O CALDEIRÃO FERVENTE

– in memoriam de Terezinha de Jesus dos Santos Moncks, a mãe, na outra margem.

Por condenado a registrar aquilo que penso e sinto, o que mais faço é no sentido de aplacar a inquietação que vem rasgando, se fazendo de capeta, com um tremelico de surpresa nos dedos falantes das mãos calcinadas de esperas. Devo muito a alguns leitores e estimuladores da obra, o que tenho de agradecer do fundo do coração. Parece um sinal de que alguma coisa do que escrevo se presta à reflexão.

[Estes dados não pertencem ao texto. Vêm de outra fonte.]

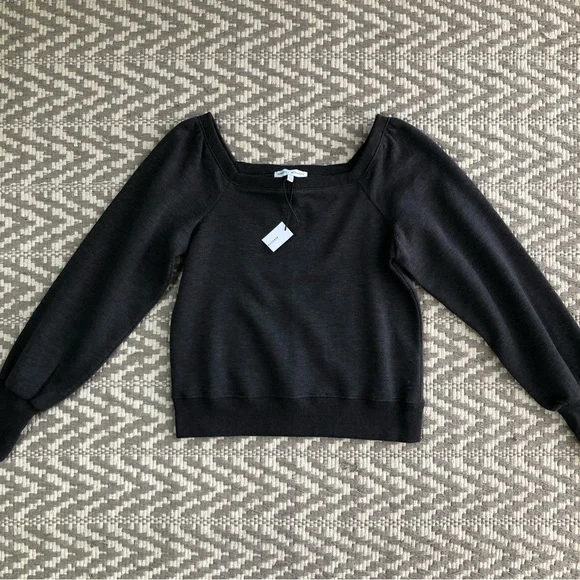 Rebecca Minkoff Sweaters Rebecca Minkoff Ariel Sweatshirt Size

Mas, por certo que a certeza da finitude não molesta muito e nem atrai e sim logra trair o coração antigo, fazendo com que o Mistério se revele e emerja ardente e tempestuoso do fundo do caldeirão túrgido do caos, em plenitude, de modo a que fique sincopando na cabeça dos que se entronizam naquele recriado mundo de ilusões, enquanto registro das coisas e loisas que envolvem a passagem por este plano. A literatura, e mais particularmente no gênero Poesia, é sempre tridimensional: o ato/fato rememorado, o cordão umbilical; o véu que passa a recobrir a reminiscência turbando a visão, e aquilo que, de repente emerge num átimo, é algo diferenciado – o NOVO – já sem nenhuma relação ou nexo causal para com aquilo que parecia pulsar fundo no plano da realidade. A condenação ao pensar nos levará ao corredor das células da finitude e, neste conviver com a anunciada ameaça do final, talvez os vocábulos transmitam a Paz, a partir da placidez que a perenidade possa dar a mim e ao paciencioso alter ego que vive nas entrelinhas, mas que nunca somos os mesmos. Sim, digo isto porque a Poesia tem sido a “pulga na camisola”, como dizia meu pai, quando eu ficava a cismar brigando com o fogo dos calores e invernias da inquieta adolescência. O pai morreu muito cedo, aos 69, já vão lá mais de 30 anos. Mal ele sabia que no menino do subúrbio proletário havia sonhos que se acumulavam como a água das enchentes e dos riachos, onde nem havia o espelhar-se, por rarefeitas límpidas águas. Ainda assim a máquina do mundo imprimia (e ainda imprime) desejos de sempre viver aos saltos os sonhos mudancistas. Mesmo que, no dia seguinte, depois de todos os causos, pendengas, ditos e feitos, sonhos e ilusões da madrugada, tudo ainda estivesse no mesmo lugar, como dantes. O caldeirão das inquietudes fervia todos os dias, ainda mais à hora do almoço, quando fumegavam quenturas e cheiros, e se prolongava na cuca sonhadora, porque saciada no que era apenas fome de materialidade. E a mãe dos oito filhos e um neto, dona de casa, sabia disso. Como todas as mães do mundo.

– Do livro inédito A BABA DAS VIVÊNCIAS, 1978/2019.